The Toronto Maple Leafs are expected to feature prominently at tomorrow’s NHL awards, with Auston Matthews heading in as the favourite to win the Calder Trophy as rookie of the year. It would be the team’s first Calder in 51 years, and first major award of any kind since Jason Blake took home the Masterton in 2008.
But Matthews isn’t the only Maple Leaf with a shot at some hardware. Coach Mike Babcock is a finalist for the Jack Adams based on his work in his second season in Toronto. Leafs fans are a little more familiar with that trophy than they are with the Calder since Babcock is the third Toronto coach in the last 25 years to earn finalist honours early in his tenure. Pat Quinn was the runner-up for the award in 1999, while Pat Burns won it in 1993.

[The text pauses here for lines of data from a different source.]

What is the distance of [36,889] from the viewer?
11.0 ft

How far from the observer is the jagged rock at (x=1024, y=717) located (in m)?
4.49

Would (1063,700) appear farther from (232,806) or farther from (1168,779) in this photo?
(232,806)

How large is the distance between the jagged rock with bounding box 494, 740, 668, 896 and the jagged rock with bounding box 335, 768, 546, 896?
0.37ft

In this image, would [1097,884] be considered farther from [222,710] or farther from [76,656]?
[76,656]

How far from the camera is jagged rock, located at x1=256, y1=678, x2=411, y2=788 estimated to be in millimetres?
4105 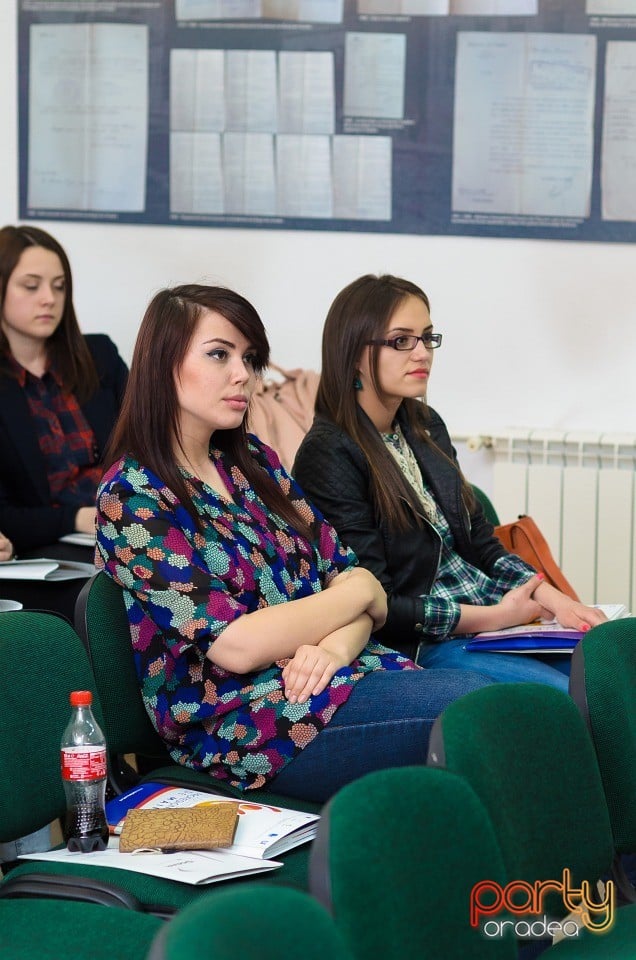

The similarities between the three coaches don’t end on awards night. So today, let’s compare and contrast the three most important Leafs coaches of the modern era, and their impact both on and off the ice.
Hiring drama
Babcock’s announcement that he’d chosen to join the Maple Leafs still ranks as one of the more dramatic moments in recent NHL history. And while his ending up in Toronto has come to feel somewhat inevitable in hindsight, that certainly wasn’t the case at the time. By the eve of the announcement, the Sabres had emerged as the favourites based on what was reported to be a monster offer from Terry Pegula.
The Leafs were still in play, but they weren’t alone, with San Jose lurking and the Blues rumoured as a possibility. At one point, it even seemed like a return to Detroit could be possible. Speculation reached a fever pitch — remember when we were all analyzing private-jet flight plans? — and as the clock ticked down, the Sabres seemed to have their man. According to some reports, the Leafs had already moved on to Guy Boucher as their plan B.
Then, the bomb dropped. The Leafs had won the auction, Babcock was headed to Toronto, Sabres fans were furious, and all hell broke loose. Like I said before: highly dramatic.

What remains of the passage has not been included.